What this task involves:
Set the data down exactly as it stands, and keep its pictures out.

Data provided:

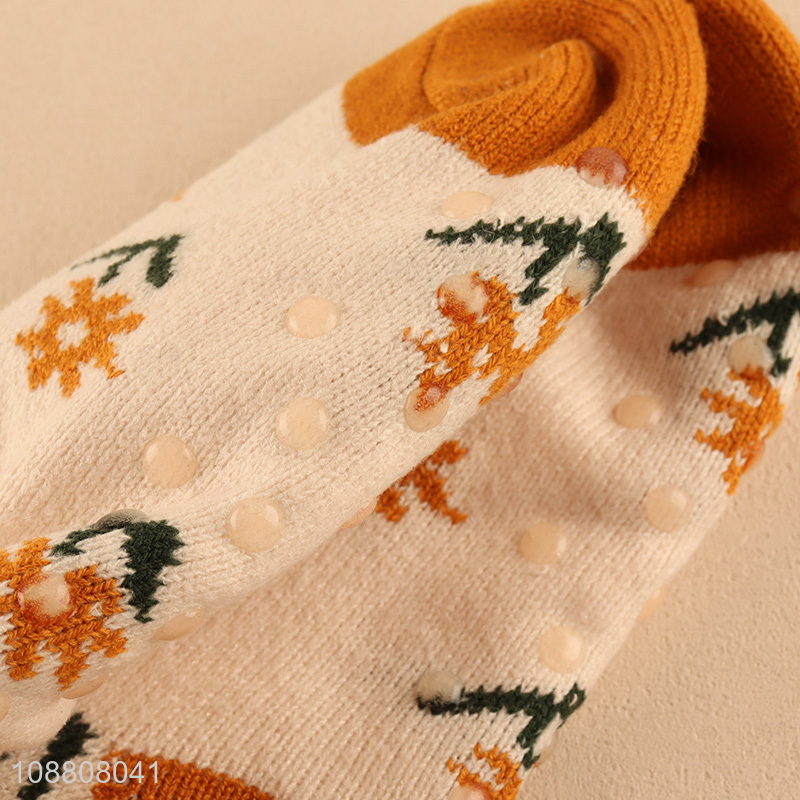 Good quality winter warm cozy soft slipper socks for women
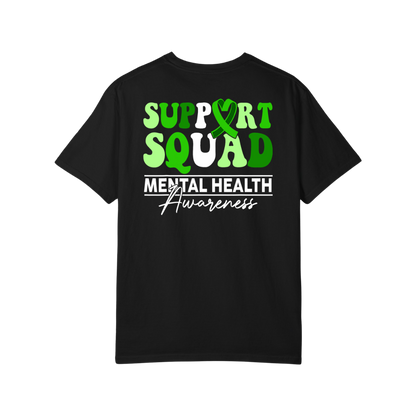 Time To Surrender Mental Health Black Out Tee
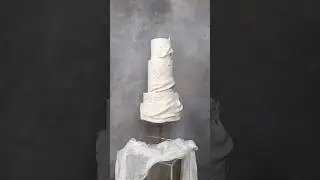 Elegant Wedding Cake using Silicone Moulds #ekatsacademy #shorts #siliconemoulds #cakedecorating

Reply:
 Good quality winter warm cozy soft slipper socks for women
 Time To Surrender Mental Health Black Out Tee
 Elegant Wedding Cake using Silicone Moulds #ekatsacademy #shorts #siliconemoulds #cakedecorating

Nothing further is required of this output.